Oh yeah. Huge props for the opening sequence. That was easily the best addition made to the whole thing. That part was brilliant.
Its little things, like the light outside Moloch's apartment flickering on and off, red, then not red, so that upon the reveal of the guy being dead, suddenly its lit incredibly red and dramatic and violent.
Or at the start, when Rorscarch is scaling the wall, and pulling himself up hand over hand, you feel the weight of the character, being HUMAN in the real world… in the movie he grappling hooks up and zips along in half a second. Makes him more superhuman and easier than it needed to be.
When they get to New York after the giant blast, and instead of seeing horrific carnage and the effect of what happened and the horror of Ozymandias' plan. (the only shots in the book to get full splash pages, for maximum impact) Maybe the extended cut fixes this? But instead of that, we're just sort of given a crater, no real reaction to the death and destruction, and then move on.
The use of contemporary songs, exactly as they were, not affected in the least by a diverged timeline or the changes in technology or God walking upon them.
Its lots of little stuff like that, which, while none of them a big deal on their own at all, and being very nitpicky individually, none of them deal breakers... add up over dozens of instances to take something that's hard to define away from the material.
I saw the movie at the theater twice in two days, I never do that.

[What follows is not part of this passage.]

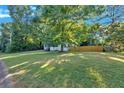 Well-maintained front yard featuring lush green grass and mature trees providing ample shade at 54 Mildred Ct, Dallas, GA 30157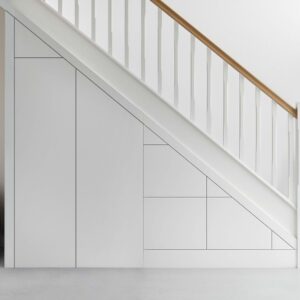 Custom under stairs storage with three drawers and a tall cupboard, designed for modern homes.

It WAS the comic brought to life, and I loved it at the time. Again, it got it like, 92% right, far closer than it had any right to be. It wasn't until later that the little things settled in and started adding up and I realized why it felt off.
And if I'd never read the comic at all? No telling. I might have loved it and watched it dozens of times. Or I might have been confused and bothered and bored and only saw it once. Impossible to know.